Near the end of the PCT we had a string of rainy and cold days when we were soaked to the bone and deprived of our usual vistas. I developed weather-related PTSD every time I saw a cloud in the sky, nervous that it would rain every day until we finished. I worried a little about impending snow, and if we would be able to finish the trail. Mostly I worried if I would be warm enough. For example, how many times could I get into my down sleeping bag while wearing my wet clothes, making a reeking, steam sauna before the down lost it’s loft and ability to keep me warm?
Then there is the obvious. The lens that Tim and I were experiencing the PCT was different from many other hikers. We had lost a very important family member (Tim’s dad) at the mid-point of the trail. The loss alone was great enough, but we were active witnesses throughout the stages of dying. It is beautiful and an honor to be with a person during this final life stage but also sad and traumatic.
The three weeks that we were off the trail felt like a year as we made difficult decisions about end-of-life care, taking on the role of primary caregivers, sitting by and watching our dad rapidly lose his ability to communicate, feed himself, walk, get out of bed, shower, toilet, and eventually breathe. Knowing these things happen is sad, but witnessing them is devastating. A long hike provided me with space to freely process and to avoid the typical workplace condolences and societal grief-response expectations.

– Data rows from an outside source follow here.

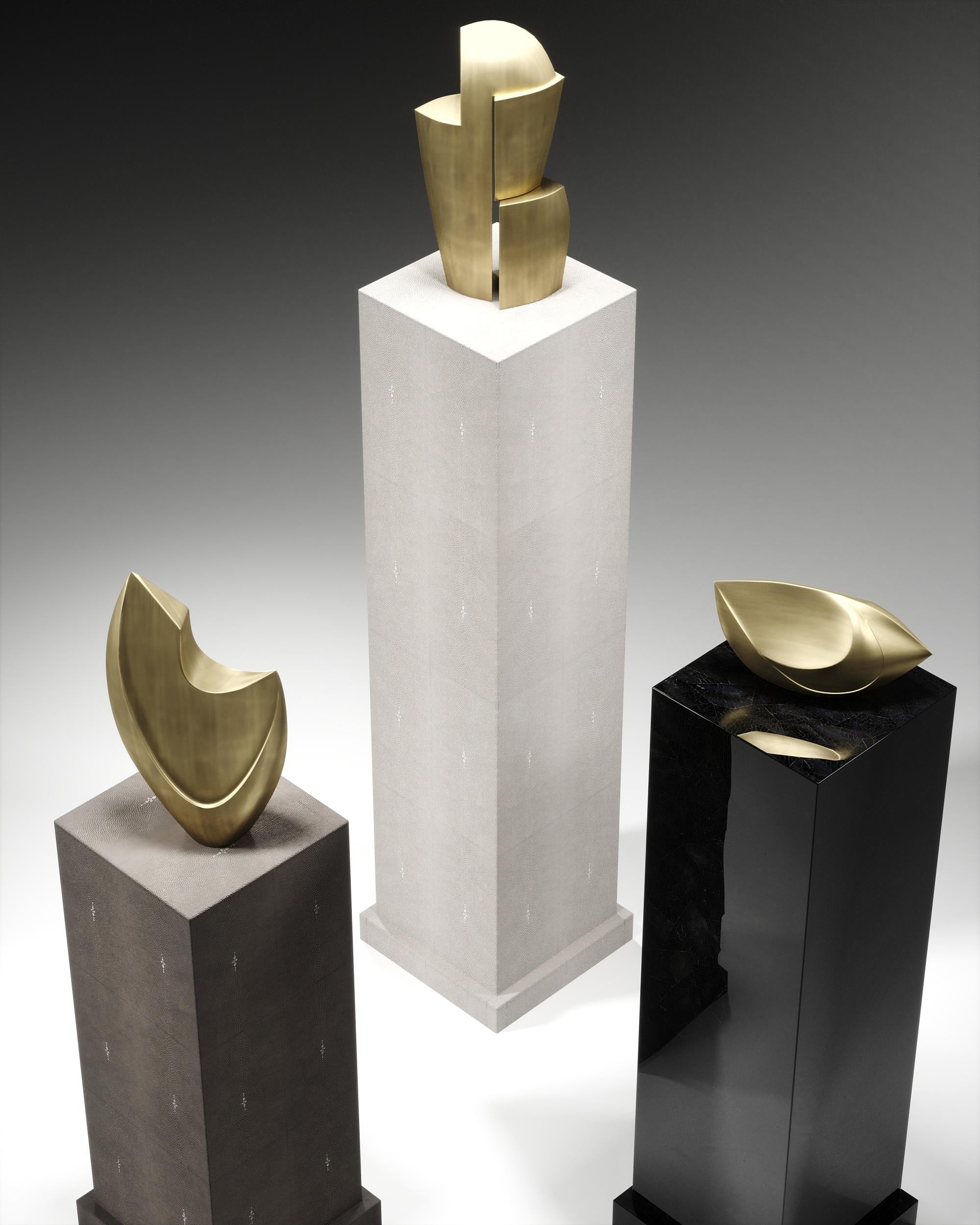 Philippin Ensemble de colonnes en galuchat et coquillages avec sculptures en laiton de R&Y Augousti en vente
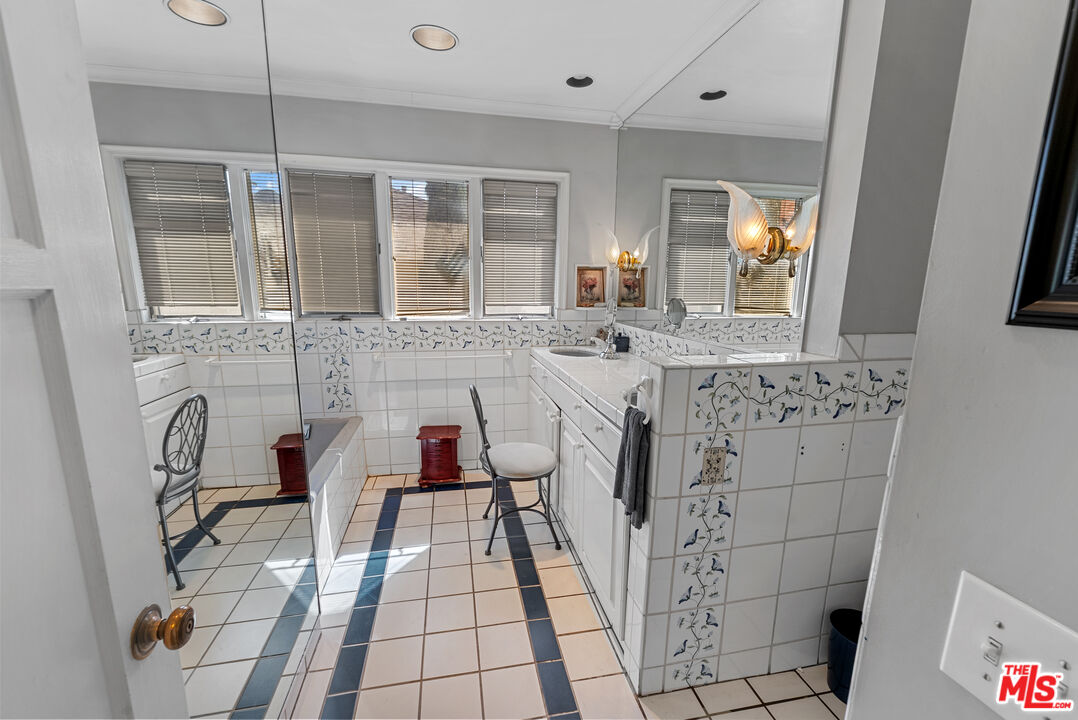 1023 E Grinnell Dr
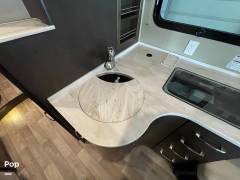 2015 Leisure Travel Unity U24TB, $ 88,500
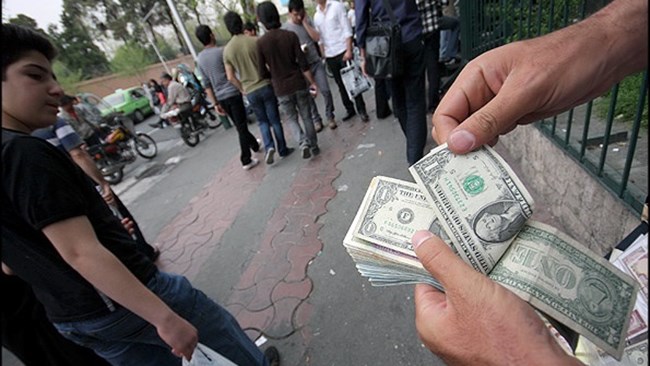 عضو هیات نمایندگان اتاق تهران می‌گوسد: دولت برای جلوگیری از افت صادرات و همچنین تامین ارز مورد نیاز برای هزینه‌های جاری، باید امسال به سمت یکسان‌سازی نرخ ارز حرکت کند.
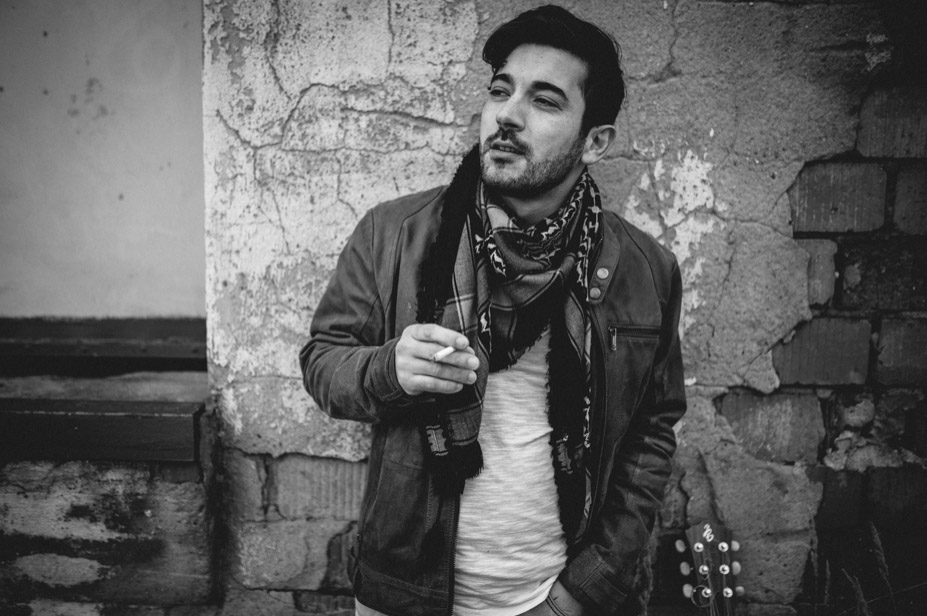 Alessandro Mega Kuenstler Portrait Ansbach Musiker Foto Italienische Musik Spiegelhof Fotografie 07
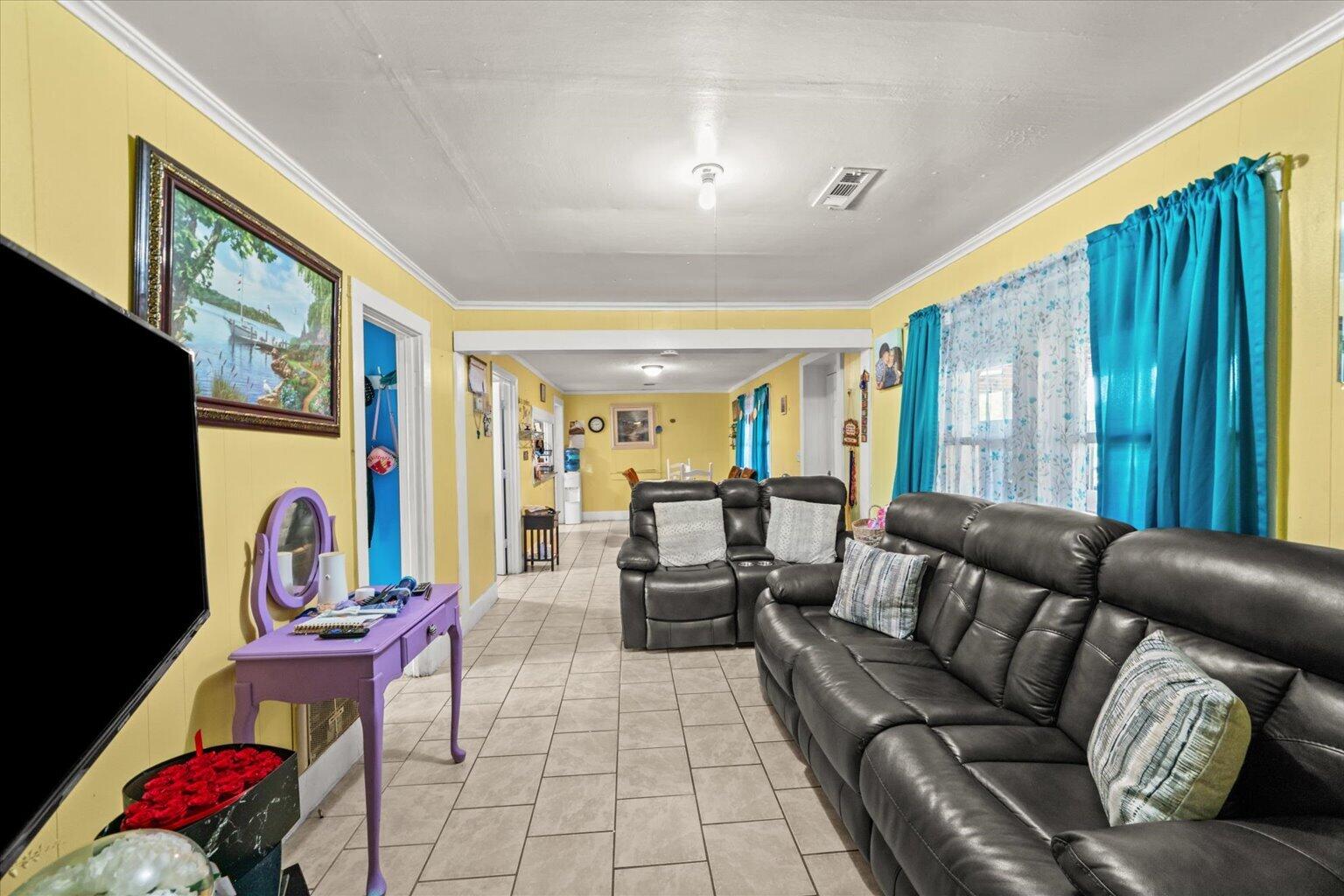 102 Glaze Drive Property Photo 11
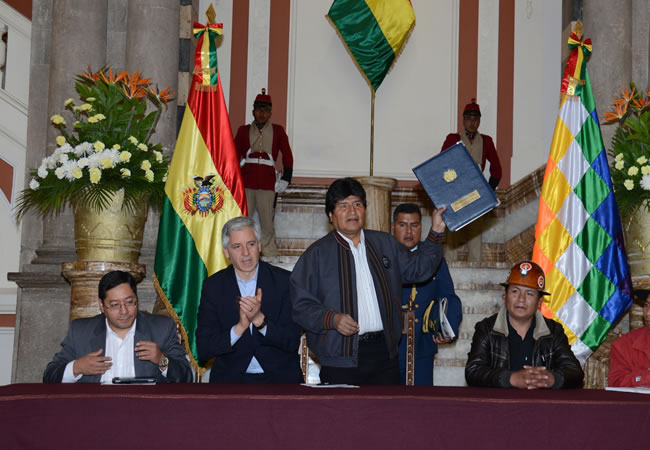 Presidente Evo Morales promulga Ley de pensiones. Foto: ABI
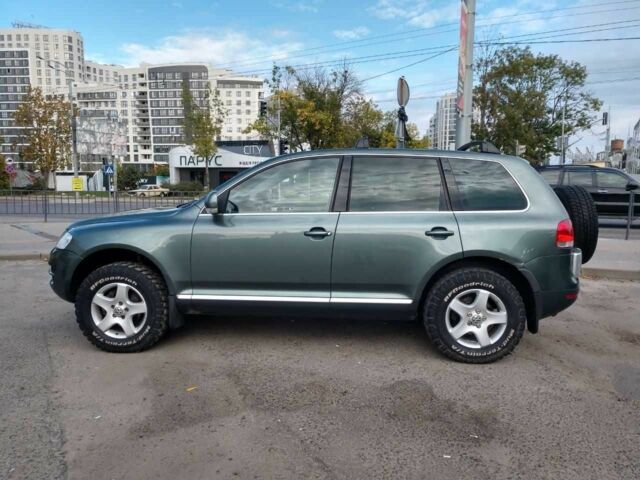 Зеленый Фольксваген Туарег, объемом двигателя 2.5 л и пробегом 316 тыс. км за 10900 $, фото 5 на Automoto.ua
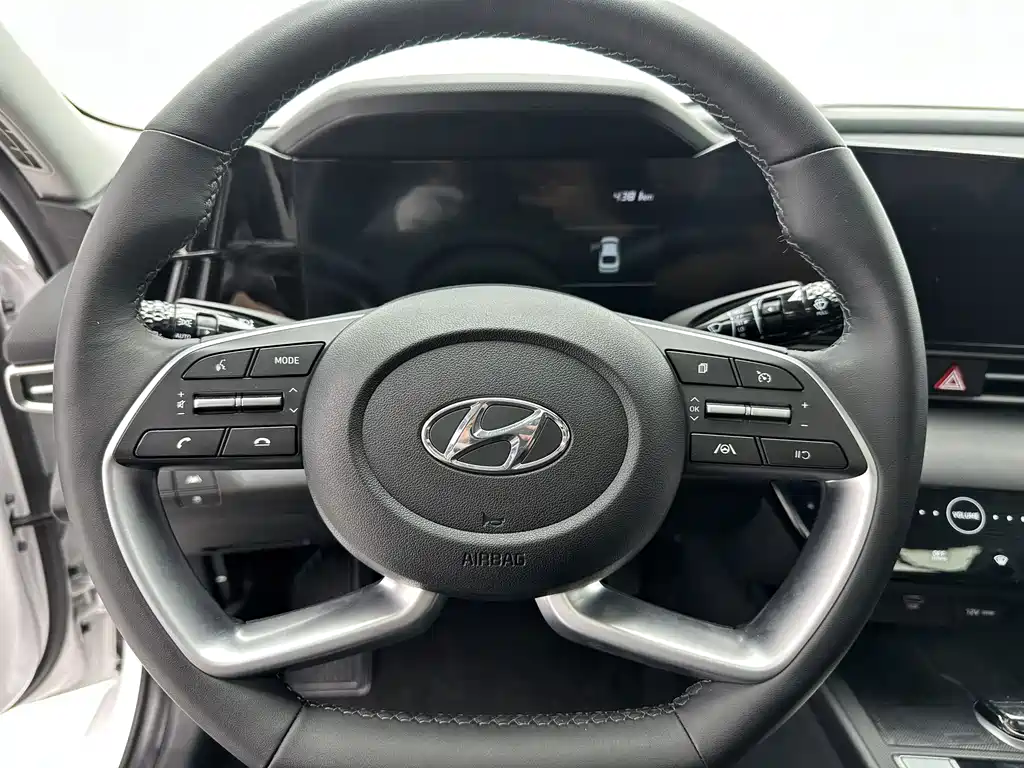 Hyundai Elantra — миниатюра 17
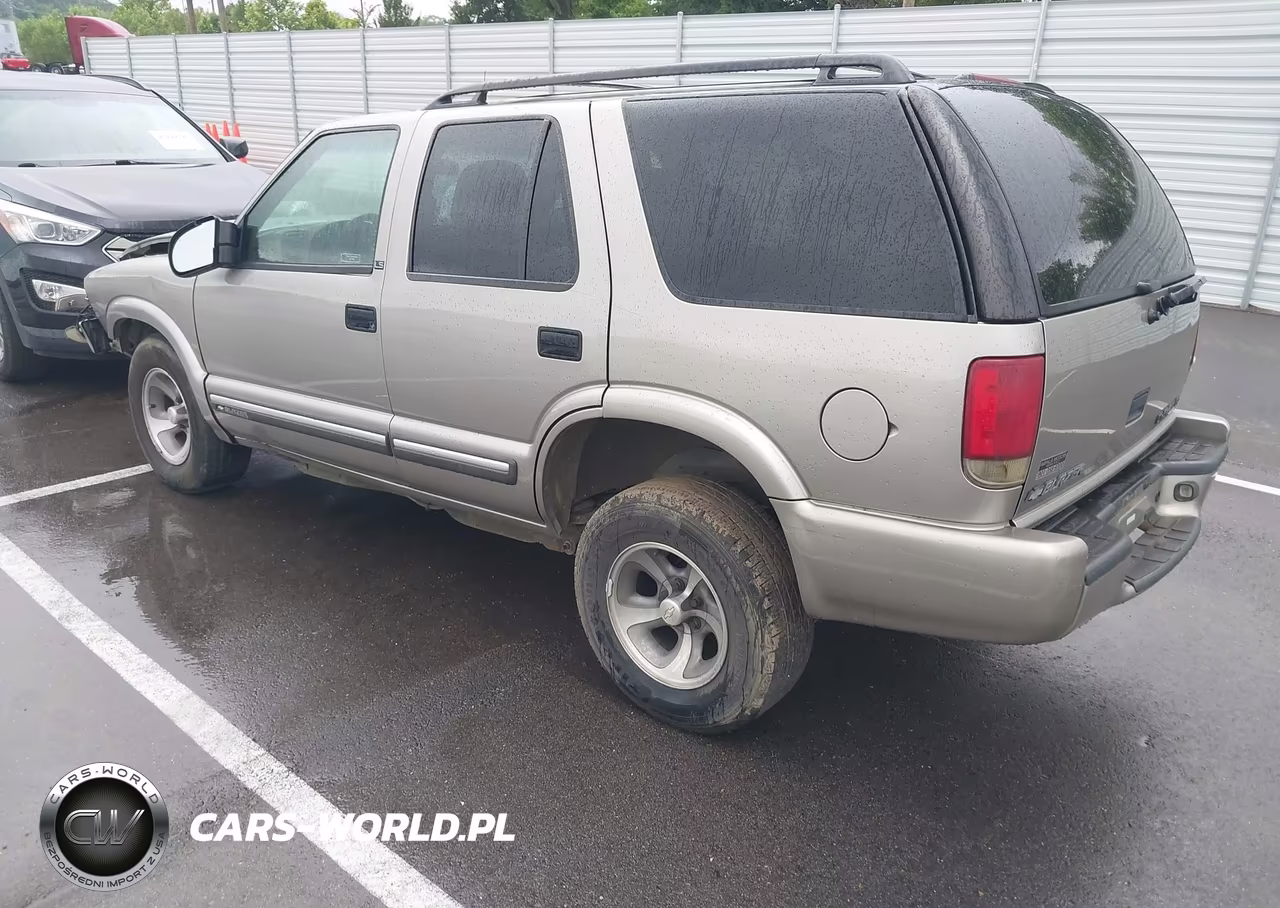 CHEVROLET BLAZER VIN:1GNCS13W9Y2145607 - 3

Then, there is the least helpful emotion of all-guilt. I feel guilty that I am relieved the trail is over. My expectation was that I would love it and miss it. I thought I would be effusive about trail life and that I would be wishing I could be back on trail. In fact, I love coffee, the internet, having easy access to almost any food I desire, potable tap water, watching TV, sitting on a seat, riding a bike sometimes, hanging out with friends, and going to different places in a car when I want to.
But this is where emotions get complicated because for every one of those non-trail things that I love, I find myself thinking about the things I appreciate about the trail culture: the absence of mirrors, de-emphasizing physical appearance, braiding my hair once a week and forgetting about it, bragging rights for who has gone the longest without showering, waking up in the morning and being exactly where you’re supposed to be (no commuting), sleeping in your hiking clothes and hiking in your pajamas, and simplifying life to those things that are important enough to carry on your back.
I miss the physical trail too: the volcanoes, mountain passes, old-growth forests, trees dripping with moss, the subtle flora and fauna changes between regions and altitudes, alpine lakes, roaring rivers in canyons, ice-cold springs on hot days, the way the trail changes with the seasons, desert cactus, moon phases, the glistening, heavy and wet forest after a night of rain, the stars, the silence, the creak of trees, the sounds of wildlife.
There are things I miss about the lifestyle: sleeping outside on my mat either in my tent or directly beneath the stars, covering up with my fluffy, soft sleeping bag, breathing in the fresh night air blowing by my face, swimming in mountain lakes, watching the sunset every night, and hiking through space and time. We were on trail for 2650 miles and three seasons—spring, summer, and fall—and we witnessed the gradual transition of the forest from spring desert flowers to fall colors on deciduous plants.
Our second to last night of the trail we walked on the mountaintops in northern Washington. It was fully autumn and the mountains were spotted with bright gold larch trees. The sun had just set and the sky was a beautiful purplish-pink and blue. We could see Mount Shuksan to the northwest. As we walked along the ridgeline, we saw the moon, but it was different from the full moon that we had expected. It was a sliver, and we were walking directly toward it. As we watched and hiked, the moon grew smaller and smaller. We were hiking directly into the lunar eclipse. It was just us. We had this piece of heaven to ourselves, and it was breathtaking. I felt deeply grateful but also relieved to know we would finish the trail in just 2 days which marked the moment where we could do anything other than hike.